I have a stored procedure which deals with adding nodes in a tree. Basically the table structure is
id INT PRIMARY
label VARCHAR(1) /* the value of the node which is a character */
parent_id INT /* id of the parent node */
Here is my stored procedure:
/*
takes a word, and adds every character in to the table
where every character is a child of the previous character
the first character of every word is a child of the root
*/
CREATE PROCEDURE rule(IN word VARCHAR(255))
BEGIN
/* (parent_id = 0) => child of root */
DECLARE pid INT DEFAULT 0; /* parent id */
DECLARE npid INT DEFAULT 0;
DECLARE strlength INT;
DECLARE j INT DEFAULT 1;
DECLARE query_count INT DEFAULT 0;
DECLARE active_char VARCHAR(1);
SET strlength = LENGTH(word);
/* loop through the word */
WHILE j <= strlength DO
/* get a single character from word */
SET active_char = SUBSTR(word,j,1);
/* if the character doesn't already exist, insert it */
SELECT COUNT(*) INTO query_count FROM tree
WHERE parent_id = pid AND label = active_char;
IF (query_count = 0) THEN
INSERT INTO tree (label, parent_id)
VALUES (active_char,pid);
END IF;
/* Set the new parent id */
SELECT id INTO npid FROM tree
WHERE label = active_char AND parent_id = pid;
SET pid = npid;
SET j = j + 1;
END WHILE;
END //
I’m sure there are a few tweaks I can make to make the procedure a bit more efficient but I can’t think of anything that would significantly reduce the time needed.
I’m dealing with a lot of words which means this procedure is run a couple 100,000 times which in turn means a lot of inserts and a lot of queries. It takes hours perhaps days(not sure because I gave up waiting and stopped the process).

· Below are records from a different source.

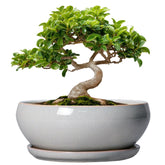 SQOWL 8 Inch Gray Ceramic Bonsai Tree Pot with Saucer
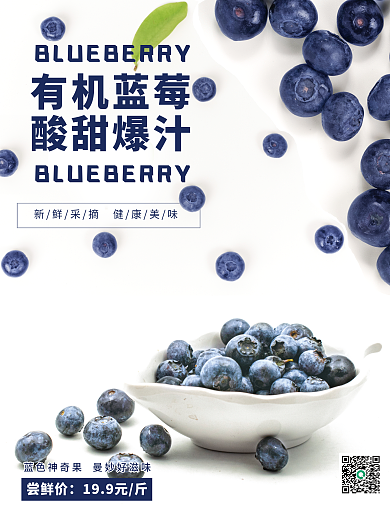 绿色蓝莓销售海报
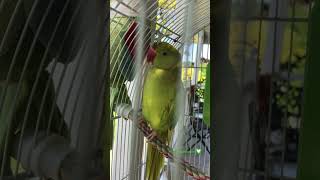 Bath Fresh Air amp Sun  “BEEPBEEP”😁 birds shorts parrots pets [upl. by Karen]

The thing is, I don’t think I can do a bulk insert because every insert depends on a previous insert.
I was wondering if there’s some way to create a virtual table that’s stored in main memory to do all these operations fast and then just save the result in to the actual table.
At the moment, the only possible solution I can think of is to build the tree in PHP and then do a bulk insert. I think this should be faster but I’m not sure up to what degree.
Any help would be really appreciated.
Thanks.
Whilst I’m afraid I can’t claim to have used it myself, passing the data down to the stored procedure as XML and processing it as described here would seem a reasonable approach. N.B. MySQL 5.1 or higher.